Dropdowns

Data Engineering

Nov 2

Disclaimer: I’m writing this purely from a back-end data-engineering perspective. I’ll touch a bit on user experience design, but for more information regarding that, please refer to other sources (example: Nielsen Norman Group has an article here).

The accompanying data set (Excel format; free; fake data) can be found here.

Why This Matters

Depending on the structure of your role, it might be the case that you’re juggling a few tasks all competing with one another as a number one priority. In my experience, as a data engineer and self-taught shadow-IT application designer / developer, I spent a lot of time supporting applications that were not ever meant to be my primary role. I need the data, but I don’t necessarily have time to keep up with user experience all on my own. Through this experience I learned a few tricks to create a sustainable, flexible, and scalable data collection process through drop downs that take some pressure off the application designer and allow for a truly relevant data entry point for the business units*.

*It’s important for data entry methods and design to be relevant. Users will do whatever it takes to get through their day-to-day effectively and quickly, and data entry isn’t always the forefront of the priorities. Making the data entry process relevant, clear, and frictionless will provide better chances for higher quality, more complete data (complete != quality, though).

This guidance applies only to fields already determined to make sense as a dropdown in a user experience / application for data entry (versus radio, check boxes, free form text, etc). I use dropdowns for (fields that meet all, or most of the following):

Semi-structured Data. Not quite free-form because we need to be able to roll-up / group easily with minimal text analytics, but not as structured as Date, Numeric, or Boolean fields.
Likely to Shift and Change Over Time. As business flexes over time, their semi-structured data needs will change over time. Things that are relevant during January of one year, may not be relevant in July of the same year. Being able to easily modify data entry options for relevancy as the business ebbs and flows is imperative for relevant data entry.
User Experience Modifications Based on Data Entry. Decision tree application development helps the user enter in correct and applicable data as they move through data options. For example, if they choose United States as their country in the first dropdown, then only offering them States / Territories within the US for the second makes sense. Having dynamic, applicable, and narrowed down listing options aids the data entry and data validation process at the application level to increase data quality.

As a data engineer, it might not be you developing the application side, but partnering closely with the application developer will be imperative to ensuring the data that is being entered makes sense and can be validated using systematic processes. This won’t eliminate the need for data cleansing at a later date, but it will assist by catching data quality issues before the data is written to a database.

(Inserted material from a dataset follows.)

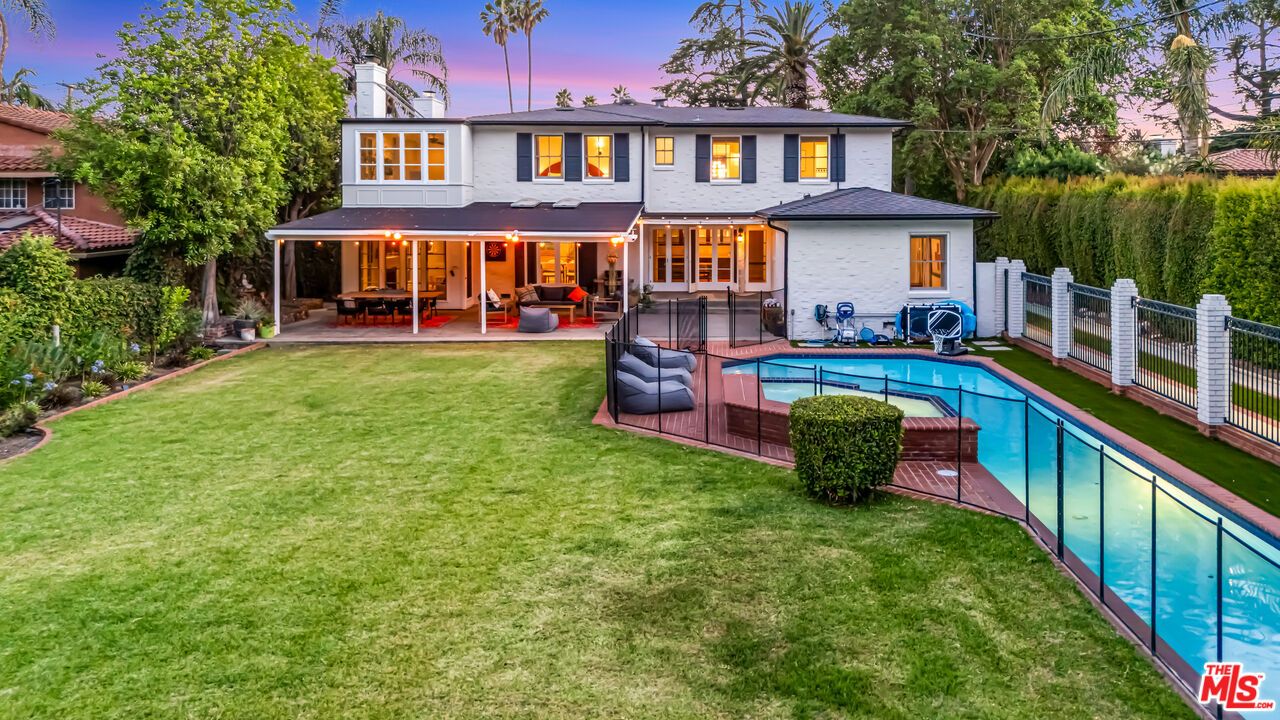 Backyard, Exterior, Pool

The following techniques will assist in:

Operational Reporting. Using the below guidelines will allow the semi-structured data to be rolled up / categorized readily and easily, allowing for simple filters, group bys, and other roll-up options at different managerial levels.
Relevancy. Instead of requiring a structural change within code and database design, these guidelines will walk you through how to create a structure that requires data entry. This means a designated user can modify dropdown options at any point (with the appropriate access) without having to re-release the database or application. This means the business can own the process and own the data entry components, keeping the data entry process relevant to what they’re actually doing in “real-time”.
Historical Reporting & Consistency. Business ebbs and flows, and with it the data that is entered. Using the below methodology allows for a) documentation of how and when the data changed and b) maintenance and persistence of historical data entry and mappings.

Sounds like a data engineer’s dream!

The Goods

Where We’re Headed

The goal will be to fill in a table (I’m using relational database-speak here. Depending on what you’re developing in, some translation might be required). The table will have fields, or columns, that will power a dropdown field elsewhere, and all reporting / data analysis work can be based on it.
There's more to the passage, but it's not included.